Большинство поклонников Дюка и даже джазовых критиков не оценили Лоренса Брауна. Им казалось, что его манера исполнения грешит излишним изяществом и потому не вписывается в экспрессивный стиль ансамбля. Джон Хэммонд писал: «Боюсь, что этот блестящий музыкант пришелся не к месту в оркестре Дюка. Это солист, не признающий основ оркестрового исполнения. Он постоянно стремится продемонстрировать самого себя». Английский критик Спайк Хьюз также утверждал, что Браун «определенно оказался не на месте» при всем его техническом мастерстве.
Но, что бы ни думали критики и какими бы прохладными ни оставались отношения между Брауном и Эллингтоном, последний, питая слабость к мелодичности звучания, не мог не воздать должное Брауну и неизменно предоставлял ему широкие возможности для солирования. Во-первых, богатый, «шоколадный» стиль Брауна контрастировал с довольно простым, скупым звучанием тромбона Тизола и в еще большей степени противостоял игре Нэнтона, изобилующей сурдинными эффектами. Это обеспечивало Эллингтону многообразие средств выражения. Во-вторых, Браун был не просто заурядным свит-музыкантом. Он также владел хот-манерой и игрой в быстром темпе и нередко демонстрировал свое умение. Браун проработал в оркестре долгие годы.

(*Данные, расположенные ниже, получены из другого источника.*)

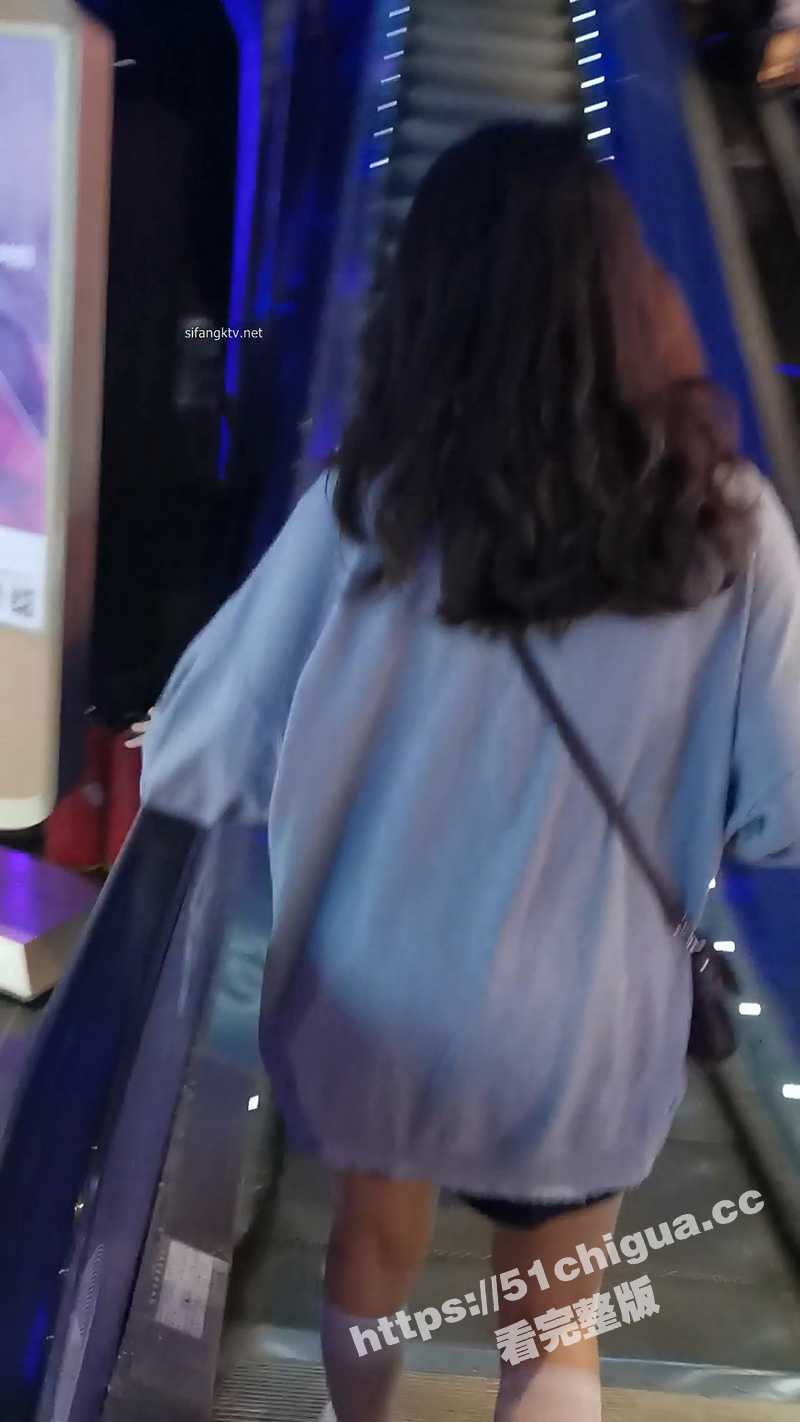 天狼星系列街射涂鸦！大神街头涂鸦 跟拍街射 射裸腿 强摸 好多妹子都发现了 还有的闻一闻是什么的！ - 51吃瓜网-51吃瓜网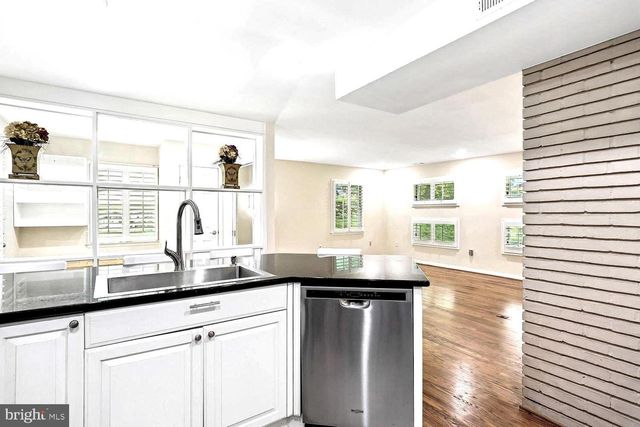 5915 HALSEY RD, Rockville, MD 20851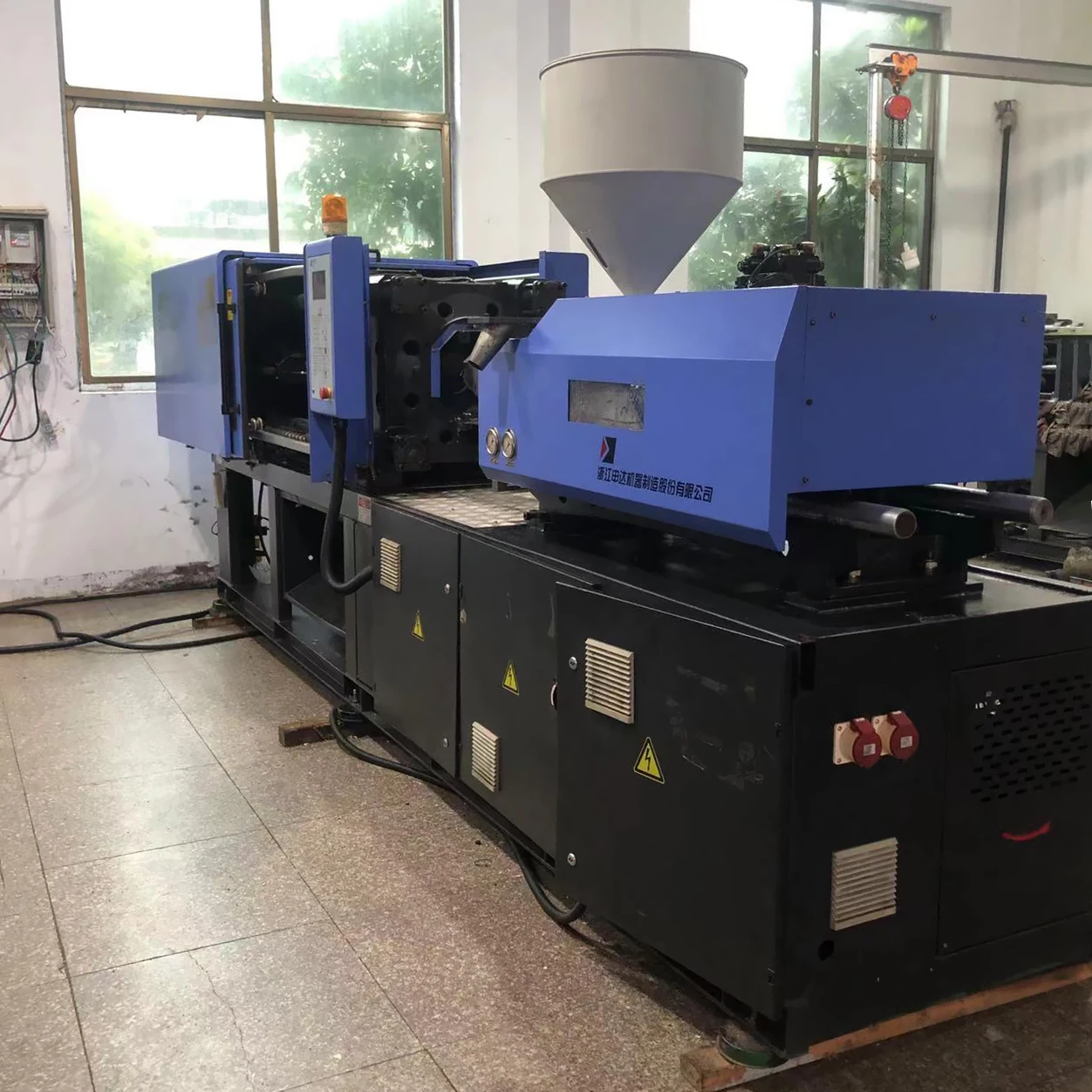 160 T станок для литья под давлением старая пластиковая машина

Последним приобретением, четырнадцатым по счету музыкантом (что позволило Брауну стать полноценным членом коллектива), оказался Тоби Хардвик, вернувшийся в ансамбль весной 1932 года, после почти трехлетнего отсутствия. Вопрос о том, ушел ли Хардвик по собственному желанию или Эллингтон, воспользовавшись автомобильной аварией как поводом, расстался с ним по причине неистребимой тяги Тоби к спиртному и полной его безответственности, остается открытым. Хардвик играл некоторое время в Атлантик-Сити, а затем вдруг подался в Париж, где устроился к той самой Аде Смит, которая когда-то нашла для «Вашингтонцев» их первую работу у Баррона. Под фамилией Бриктоп она владела теперь одним из самых знаменитых парижских ночных клубов. Хардвик имел также еще несколько краткосрочных ангажементов в Европе. Вернувшись через пару лет в Нью-Йорк, он поступил в «Хот-Фит-клаб», расположенный на Хьюстон-стрит в Гринвич-Вилледж. Здесь разыгрывалось шоу, повторявшее былые гарлемские негритянские представления, рассчитанные на белую публику. Клуб располагал целым рядом известных джазовых музыкантов, включая Фэтса Уоллера, а шоу носило полупристойный характер. Между номерами поющий официант вместе с одной из танцовщиц обходил зал. Перемещаясь от столика к столику с жестяной банкой в руках, он распевал: «Вот старьевщик идет, все старье заберет!» Если чаевые, бросаемые в банку, оказывались достаточно щедрыми, красотка позволяла похлопать себя пониже спины. На беду, владелец клуба рискнул открыть подобное заведение в Чикаго и был застрелен гангстерами. «Хот-Фит-клаб» закончил свое существование. По-видимому, именно в этот момент Тоби обратился к Дюку с просьбой о возвращении, и Дюк принял его. Эллингтон придерживался правила не забывать, но прощать. И на этот раз он простил Тоби. Правда, некоторые оркестры в то время уже имели в своем составе четырех саксофонистов, и Дюк, возможно, просто не желал плестись в хвосте.